A word of social advice, gained through reading Golden Age accounts of glamorous (if deadly) weekend house parties at country estates: if your host, who is recognized as an expert in precious jewels, invites you for a weekend party, and just happens to ask you to be sure to bring along your most valuable stones for him to examine, you might want to think twice about accepting the invitation. That's one of the lessons readers could draw from Alan Melville's 1934 thriller, Weekend at Thrackley. That is the subject of today's audio review on the Classic Mysteries podcast, and you are welcome to listen to the complete review by clicking here.
The British Library has been reprinting several books by Alan Melville, who is remembered in his native U.K. primarily as a presenter on television. He also wrote several crime novels, the first of which was Weekend at Thrackley, which is primarily a thriller in the style of, say, Edgar Wallace. It is being reissued in August as one of the British Library Crime Classics series, which is published in the United States by Poisoned Pen Press, which made a copy of the book available to me for this review.
Weekend at Thrackley begins when a young man named Jim Henderson receives a surprising invitation from jewel expert Edwin Carson, who claims to have been a good friend of Jim's late father and would like to meet Jim. Jim knows nothing about Carson, and he certainly has no jewels, but he decides to accept the invitation anyway. Jim, after all, came out of the first world war with no marketable skills worth mentioning, and, at the time of Carson's invitation, hadn't worked in three years. He liked the idea of a party, with plenty of food, for a long weekend.

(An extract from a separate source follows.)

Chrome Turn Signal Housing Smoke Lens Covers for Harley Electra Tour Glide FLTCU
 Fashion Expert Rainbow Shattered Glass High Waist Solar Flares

The party takes place at Thrackley, an incredibly gloomy old house where the rather sinister Mr. Carson lives. There are some servants, particularly the ill-favored and ill-tempered butler, Jacobson, and there are five guests besides Jim who arrive bearing a great deal of fabulously expensive jewelry. Readers are unlikely to be surprised when it becomes evident - especially to Jim - that someone has sinister designs on all that jewelry. There will, most certainly, be murder done.
Melville keeps the action moving, and there are all sorts of interesting plot twists – secret rooms, murderous devices, gunplay, chases, disappearances and kidnappings – all the things you might expect to find in a good thriller from the period. As with most thrillers, the reader’s enjoyment comes from being surprised by the unexpected twists and turns, so you'll find plenty of them. As usual in this series of reprints, mystery historian Martin Edwards provides us with an introduction to Weekend at Thrackley that gives us more information about Alan Melville’s very interesting career. If you enjoy early thrillers of the kind that Edgar Wallace used to write, you’ll very likely enjoy Weekend at Thrackley.